**WORK TO BE COMPLETED:**
Write out again, word for word, the lines below from the line that holds "TARION Adjustable Camera" through the line that holds "Сучасний цифровий сервіс", omitting pictures.

** Opening GIVEN DATA block **

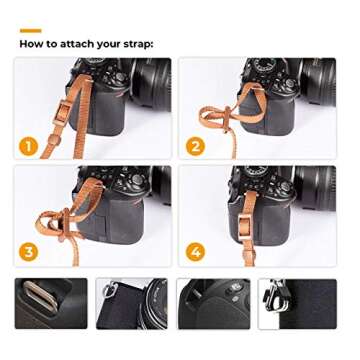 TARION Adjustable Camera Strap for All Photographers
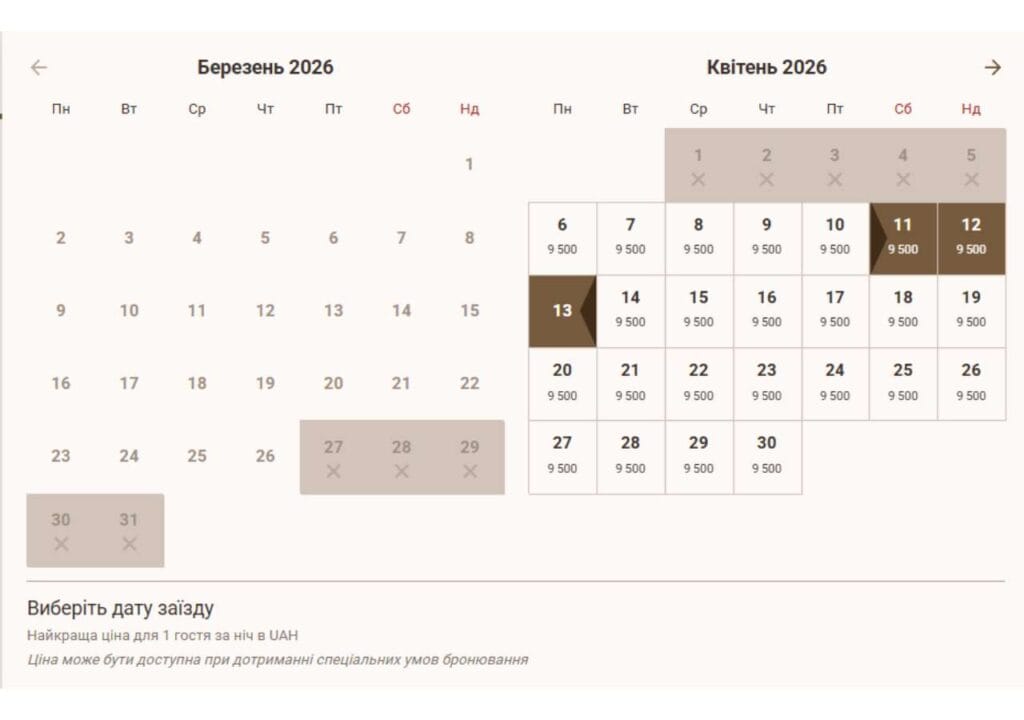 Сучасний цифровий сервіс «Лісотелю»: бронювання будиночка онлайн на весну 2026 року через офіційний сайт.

** Closing GIVEN DATA block **
** Opening GIVEN DATA block **

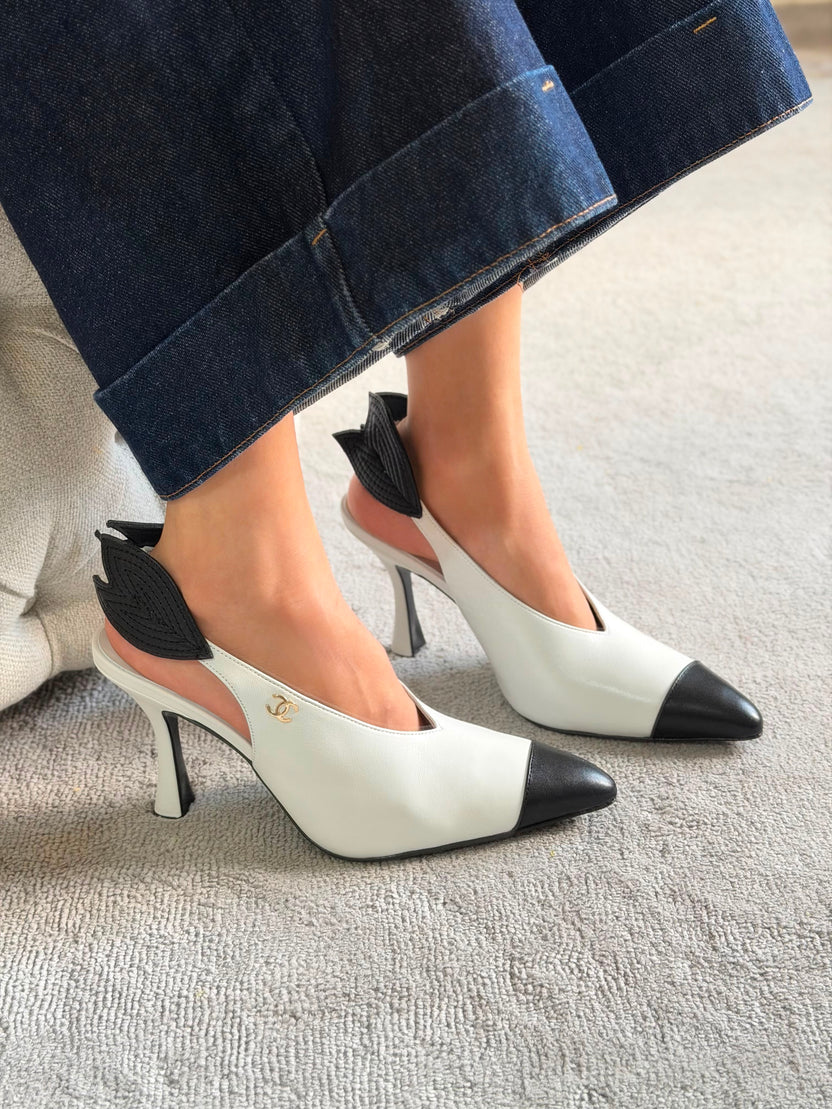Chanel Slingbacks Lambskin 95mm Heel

** Closing GIVEN DATA block **
** Opening GIVEN DATA block **

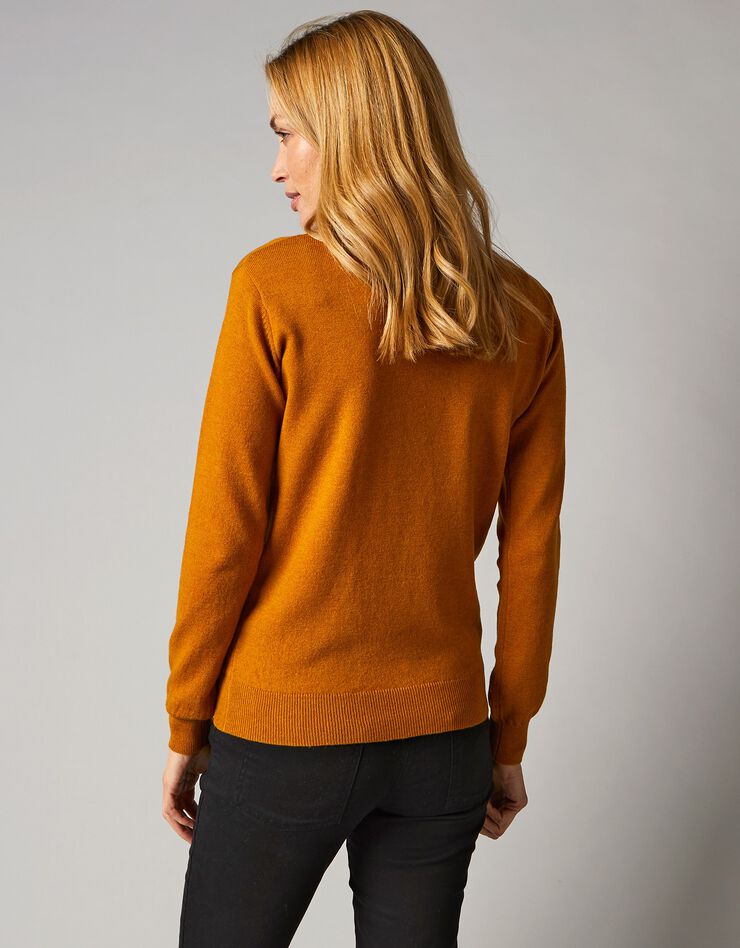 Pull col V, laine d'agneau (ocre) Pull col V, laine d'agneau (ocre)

** Closing GIVEN DATA block **

**TASK SOLUTION:**
 TARION Adjustable Camera Strap for All Photographers
 Сучасний цифровий сервіс «Лісотелю»: бронювання будиночка онлайн на весну 2026 року через офіційний сайт.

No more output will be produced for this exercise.